Decided: August 30, 2001

Before WALKER, C.J., BURGESS and GAULTNEY, JJ. Daivd W. Starnes, Beaumont, for appellant. Anthony Icenogle, DeLeon, Boggins & Icenogle, P.C., Austin, for appellee.


This is an appeal from an order granting summary judgment in favor of appellee, Service Life and Casualty Insurance Company, (defendant below).   Appellant initially brought suit raising causes of action under the Deceptive Trade Practices Act, negligence, breach of contract, and violation of the Texas Insurance Code. Appellant sought not only actual and exemplary damages, but also “the face amount of the credit life insurance policy, $21,430.80.”   The gist of appellant's factual allegations contained in her petition was that she and her father, Paul Isaac Colligan,1 executed an application for credit life insurance in the course of the purchase of a vehicle;  that Mr. Colligan listed various physical infirmities from which he was suffering at the time;  that about six months later, Mr. Colligan died of pancreatic cancer which was diagnosed only three weeks before his death;  that when appellant filed to collect the insurance proceeds on the vehicle so as to pay the balance owed, she was informed by appellee that the credit life application had been rejected because Mr. Colligan was not truthful on said application regarding his health status.
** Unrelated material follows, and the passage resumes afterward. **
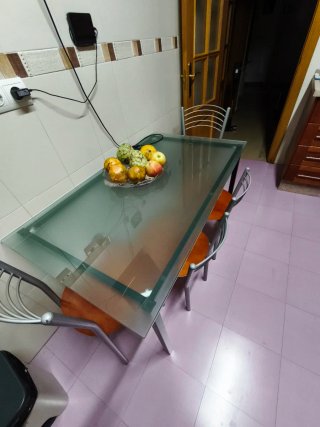 Mesa cristal cocina con 4 sillas y 2 taburetes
By verified amended answer, appellee raised the affirmative defense that appellant was not entitled to recover in the capacity in which she sued.   Tex.R. Civ. P. 93(2).   Thereafter, appellee filed a motion for summary judgment again contending appellant was not entitled to recover in the capacity in which she grounded her lawsuit.   The entirety of the substance of appellee's motion for summary judgment is reproduced as follows:

Defendant is entitled to summary judgment because the Plaintiff, Paula Guillory, is not the insured or the beneficiary under the Policy.   Therefore, Plaintiff lacks an essential element to any cause of action, the legal capacity to sue.

Under Texas law there are two bases for subrogation, the first is contractual and the second is equitable.   There is no basis for contractual subrogation because Paula Guillory is neither the insured nor the beneficiary under the policy.   The insured is Paul I. Colligan, the first beneficiary is GMAC, and the second beneficiary is the Estate of Paul I. Colligan.   Likewise, there is no basis for equitable subrogation because Paula Guillory, as the Co-Buyer on the retail installment contract, is primarily liable for the debt to GMAC.
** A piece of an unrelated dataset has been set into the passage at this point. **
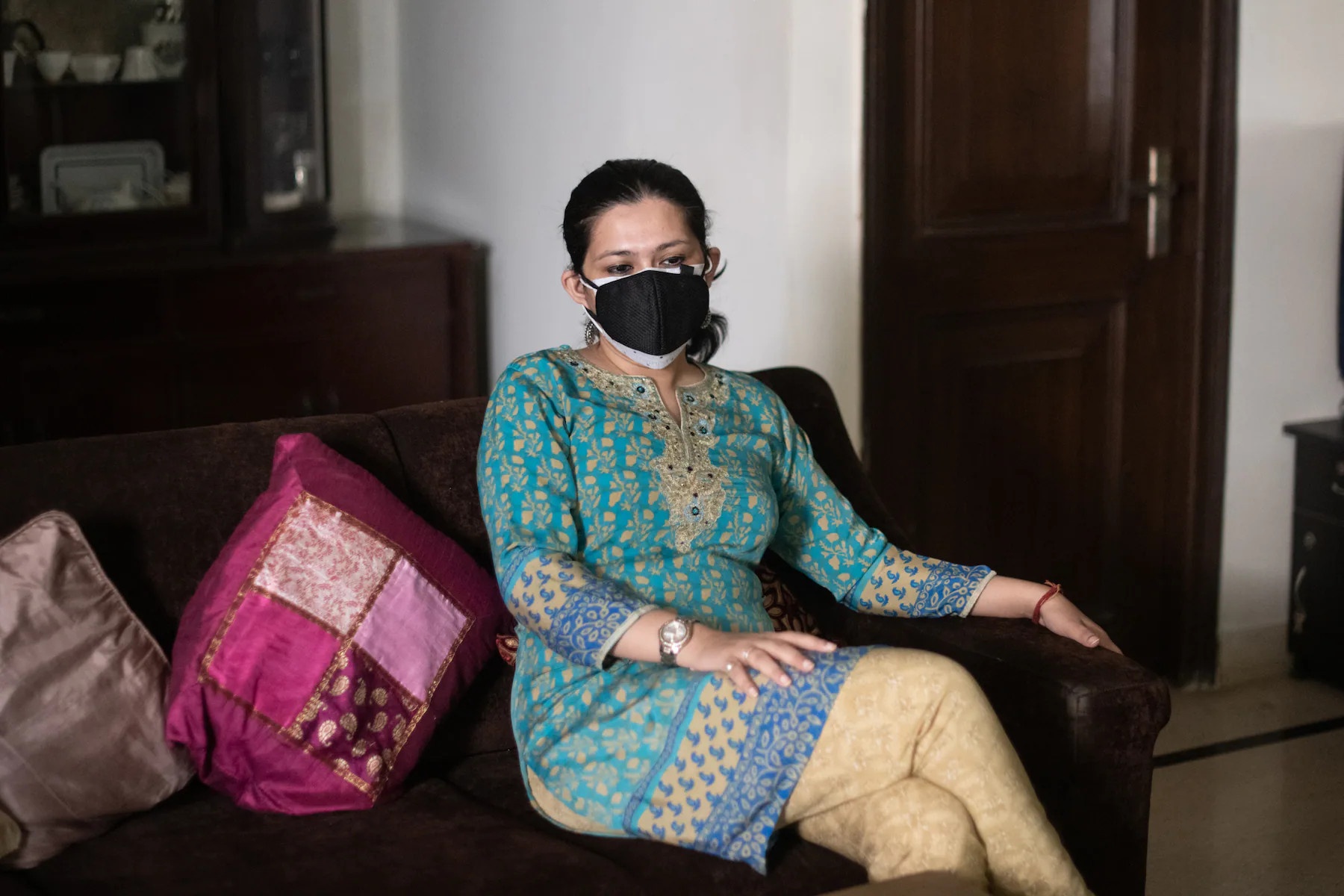 12 ngay no luc cuu cha me cua co gai an do anh 3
Also contained in its motion for summary judgment is a list of what appellee contends is the summary judgment evidence in the case.   Appellee's list includes the following:  (1) the affidavit of Barbara Marsh, authorized representative of Service Life and Casualty Insurance Company;  (2) the Retail Installment Contract, attached to the affidavit of Barbara Marsh;  and (3) the Credit Life Insurance Policy, attached to the affidavit of Barbara Marsh.   We have scoured the record before us and are unable to locate the credit life insurance policy.   Contained in the record are the applications that appellant and her father executed in an attempt to have a policy issued to them, but we find no written policy in the record.   While the affidavit of Ms. Marsh indicates that a credit life policy was never issued because of alleged misrepresentations by Mr. Colligan regarding his health, appellee appears to abandon this defensive issue for summary judgment purposes.   Indeed, appellee implies that its summary judgment motion is meritorious whether there was a policy in effect or not at the time of the filing of appellant's lawsuit.
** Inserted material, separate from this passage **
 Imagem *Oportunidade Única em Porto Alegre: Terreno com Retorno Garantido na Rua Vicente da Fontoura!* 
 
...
 We review summary judgments de novo.  Chavez v. City of San Antonio ex rel. City Pub. Serv. Bd. of San Antonio, 21 S.W.3d 435, 438 (Tex.App.-San Antonio 2000, pet. denied).   To prevail on summary judgment, the movant must show there are no genuine issues of material fact and the movant is entitled to judgment as a matter of law.   See Tex.R. Civ. P. 166a(c).   We indulge every reasonable inference in favor of the nonmovant and resolve any doubts in the nonmovant's favor.   See Montgomery v. Kennedy, 669 S.W.2d 309, 310-11 (Tex.1984).   When a defendant moves for summary judgment on an affirmative defense, the defendant has the burden to conclusively establish that defense as a matter of law.  Havlen v. McDougall, 22 S.W.3d 343, 345 (Tex.2000).

 In the instant case, appellee incorrectly states that appellant “is not the insured” with regard to the credit life insurance application.   However, on both applications contained in the record, appellant, Paula Guillory is designated as “joint co-debtor.”   Furthermore, under the portion of the applications entitled, “Statements of Insurability,” the following averment is made by both appellant and her father:

I owe the above Creditor the above sum and for the security of payment of the debt I hereby apply for credit insurance in the amount indicated.   I declare that the answers on this Application are true and complete.   I also understand that my responses are the basis on which insurance requested by me may be issued.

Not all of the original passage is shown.